Der Trainer schaut die Partien gemeinsam mit seiner Gattin zu Hause auf dem Sofa. Anfänglich zappt er hin und her. Doch als er nach der Pause merkt, dass der BVB nicht mehr viel tut, um den 0:2‑Rückstand gegen Mainz aufzuholen, wechselt er zur Partie nach Leipzig, in der RB bis kurz vor Schluss mit 2:0 vorne liegt. Kohfeldt hört wie Sky-Reporter Martin Groß sagt: „In Bremen werden sie nun wieder größer auf der Couch!“ Es fühlt sich an, als spräche der Kommentator in diesem Moment persönlich zu ihm. Werder würde auf den rettenden Relegationsplatz vorrücken, wenn es so bliebe. Doch in der 87. Minute erzielt Fortuna den Anschlusstreffer. „Warum machen die das denn jetzt noch mal spannend?“, denkt Kohfeldt. In der 92. Minute bekommt Düsseldorf einen Eckball und André Hoffmann köpft den Ausgleich. „Nach Abpfiff habe ich eine halbe Stunde gar nichts mehr gesagt. Meine Frau sagte nur: ‚Ich gehe schon mal hoch, du kommst wahrscheinlich etwas später.‘“ Auch Frank Baumann sitzt nebst Gattin und Sohn paralysiert bei sich vor dem TV und kann es nicht fassen. „In der ganzen Saison war es uns nie gelungen, nach guten Spielen direkt nachzulegen. Jetzt kam es mir vor wie der absolute Tiefpunkt“, so der Geschäftsführer.

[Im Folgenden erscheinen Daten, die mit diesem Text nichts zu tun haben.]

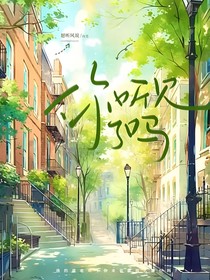 你聽道了嗎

Blick ins Krankenlager: Kollektive Ermattung auf der Ersatzbank nach dem 1:3 in Mainz am 33. Spieltag.
Ein Auswärtssieg in Mainz am 33. Spieltag könnte die Stimmung wieder heben. Doch die Panik hat von einigen Werder-Profis Besitz ergriffen, der SVW scheitert krachend mit einer 1:3‑Packung. Nach Schlusspfiff scheint das Schicksal des Klubs besiegelt – der Abstieg unabwendbar. Hilflos starrt Kohfeldt auf der Bank auf den Liveticker seines Handys und hofft, das gelblich blinkende Feld bei der Partie Fortuna gegen den FCA würde endlich weiß unterlegt und das 1:1 damit als Endstand offiziell. Andernfalls stünde Werder als zweiter Absteiger fest.
Doch auch das Unentschieden setzt in dem Coach nun kein Gefühl der Hoffnung mehr frei. Ein Bild des Jammers bietet sich in der Trainerkabine dem Betrachter, wo Kohfeldt nebst Assistenten und Frank Baumann minutenlang wortlos am Boden kauert. Hoffnung ist nur noch ein Wort, wenn dir die Phantasie für das Gelingen abhandenkommt. „Wir hatten viel gelitten im Verlaufe der Saison, Mainz war das eine Mal zu oft“, so Kohfeldt. „Danach spürte ich kurzzeitig keinen Antrieb mehr. Sonst hatte ich nach jeder Niederlage sofort eine Idee, was sich ändern muss, aber danach tat sich für ein, zwei Tage eine große Leere in mir auf.“ Nun dringt auch beim Trainer ins Bewusstsein, dass er mit dem SV Werder aller Voraussicht nach den schmerzvollen Gang ins Unterhaus antreten muss.